Addressing Privacy Concerns
The monitoring device has 3 components:
- a wearable wristband’
- the StayHome@SG mobile app, which needs to be installed on the persons phone, and
- a gateway, which needs to be installed at the individual’s place of residence. Multiple gateways can be installed in larger homes.
As with any tracking device, there are of course privacy concerns. However, the authorities have confirmed that the data is encrypted end-to-end. Secondly, they have stated that the wristband itself does not hold any data.
Furthermore, only government officials authorized by their respective authorities will have access to the data, and then solely for the purposes of monitoring and investigation. Finally, the app will automatically lock down once the SHN period is completed.
Borders Reopening Gradually
The measure has been put into place to control the influx of travelers expected to arrive as soon as borders reopen. After being closed for almost five months, the borders between Malaysia and Singapore will reopen for various groups of travelers from August 10.
Nonetheless, firstly, cross-border travel will only be allowed for essential business, official purposes and travelers who hold long-term immigration passes for business and work purposes. Malaysia and Singapore have also agreed to develop other cross-border travel schemes, including daily commutes for work purposes.

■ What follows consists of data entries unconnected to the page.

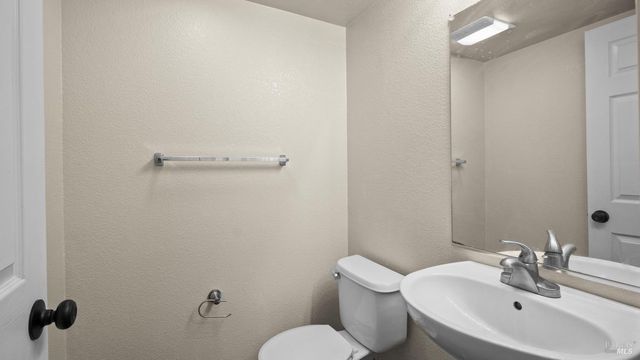 2473 Meda Ave, Santa Rosa, CA 95404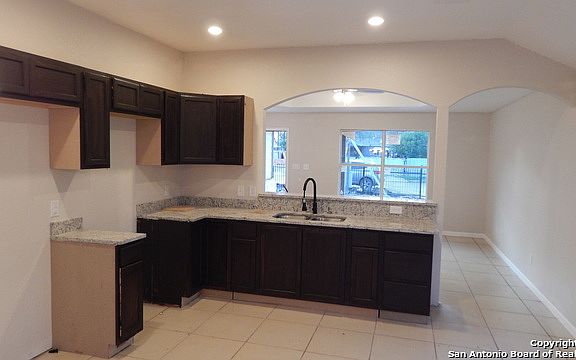 4th image of 506 Moselle Ave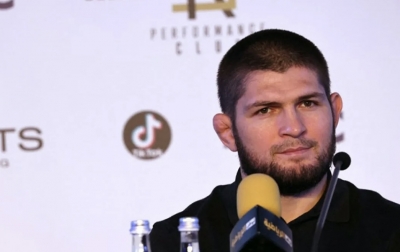 Khabib Nurmagomedov Jelaskan Insiden Dikeluarkan dari Pesawat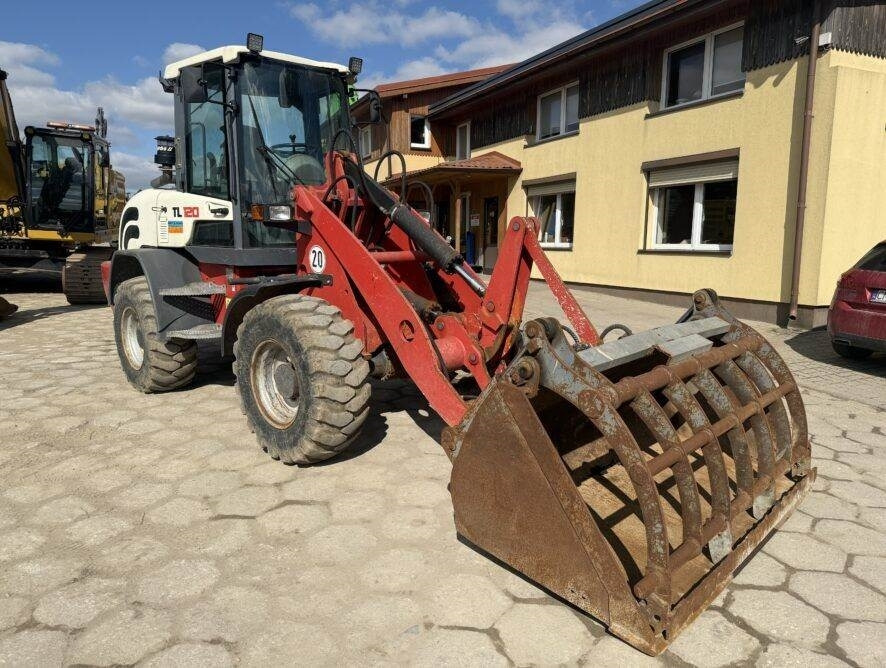 Terex TL120 - اللودر بعجل: صور 1 Terex TL120 - اللودر بعجل: صور 1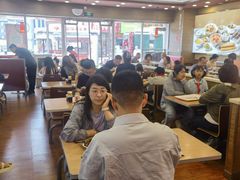-顺溜·手工刀削面·黑金店(铜锣湾店)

At the moment, Singapore allows travelers to transit through its main airport. However, borders remain effectively closed for most. There is a bilateral agreement with China for official travel and essential business. A similar arrangement is being explored with Japan. Furthermore, Singapore is in talks with some low risk countries, such as New Zealand, to reopen certain travel links.
Model Coronavirus Response
At first, Singapore was being hailed as a country with a model coronavirus response. In addition, the country was one of the first to launch a nationwide contact tracing app, called TraceTogether, back in March. In an analysis of 25 apps, the Massachusetts Institute of Technology gave it 4 out of 5 stars. Many other countries based their contact tracing app on the Singaporean version.
However, Singapore’s initial success story was followed by a sudden surge of infections, similar to what several countries are experiencing now. The country introduced an eight week highly coordinated ‘circuit breaker’ to get on top of community transmissions. By doing this, Singapore managed to reel in their second wave of coronavirus infections.
The peak number of new cases per day has dropped from 1,426 on 20 April to under 300 today. The total number of cases stands at 53,000 with 27 deaths. Put in perspective: Singapore has a population of approximately 5.70 million, of which 1.68 are non-residents. It is the second-densest sovereign state in the world, after the microstate Monaco. Only around 11% of the population is 65 years old and over. The median age hovers around 40.